Monday, June 06, 2005

REPOST: It Would Probably Be Easier Just to Steal One.

Originally Posted: January 31, 2005
Since my car crapped out on my last week, I am in the market for a new one. So I, along with my reluctant boyfriend (reluctant to go car shopping, not to be my boyfriend) spent much of the weekend "shopping for a new car," by which I mean we were held at gunpoint by a car salesperson (we'll be politically correct here) while being forced to look at cars that were a) too expensive for me, b) not the kind that I wanted, or c) both.

We pulled into the lot and, upon entry, were immediately surrounded by an impenetrable shoulder-to-shoulder barrier of sales people, preventing our escape. Alas, I had forgotten my fake-smile piercing bullets at home.
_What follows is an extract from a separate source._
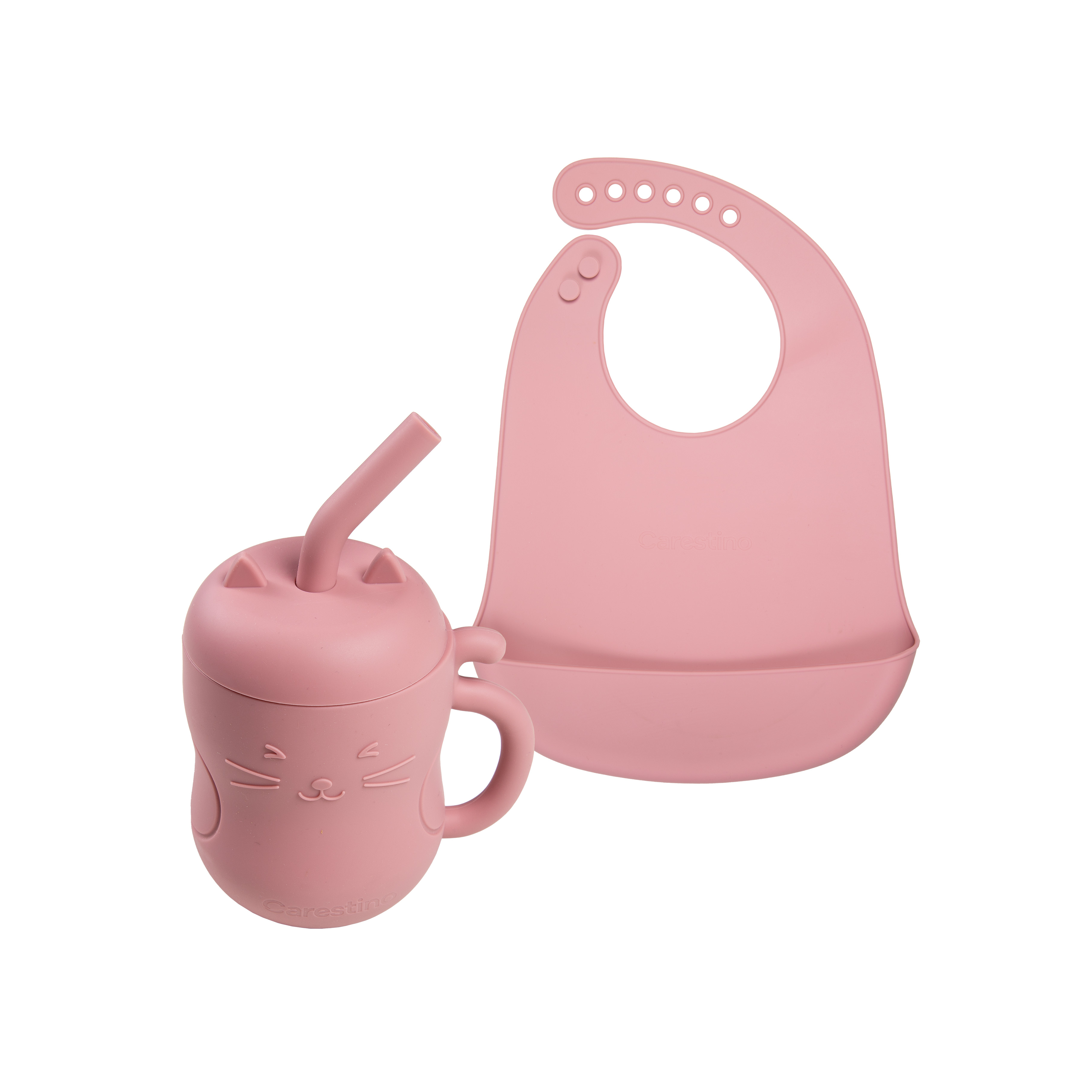 SET DE ALIMENTACIÓN DE SILICONA CARESTINO GATITO AZUL PETRÓLEO - 4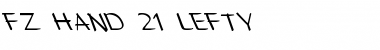 Download FZ HAND 21 LEFTY Normal Font Title Preview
The remainder of my time at the dealership I had one-sided conversations with salespeople that have the listening skills of a lima bean:

Me: "I'm looking in the $10,000.00" price range."
Car Salesperson: "Great! I've got a beauty over here for just $36,000!"

Me: "I'm definitely looking to buy, not lease."
Car Salesperson: "We have a great special on new leases right now!"

Me: "I was thinking maybe a Jeep Wrangler?"
Car Salesperson: "We've got a beautiful 4-door Nissan Maxima right here that sounds perfect for you!"

Me: "I really like five-speed transmissions."
Car Salesperson: "We just received a new shipment of boats!"

Me: "Do you think you might be able to come down a little on the price of that one?"
Car Salesperson: "I will be happy to knock $5,000 off the list price, then add $7,000 back into the price in the form of upgrades and hidden fees!"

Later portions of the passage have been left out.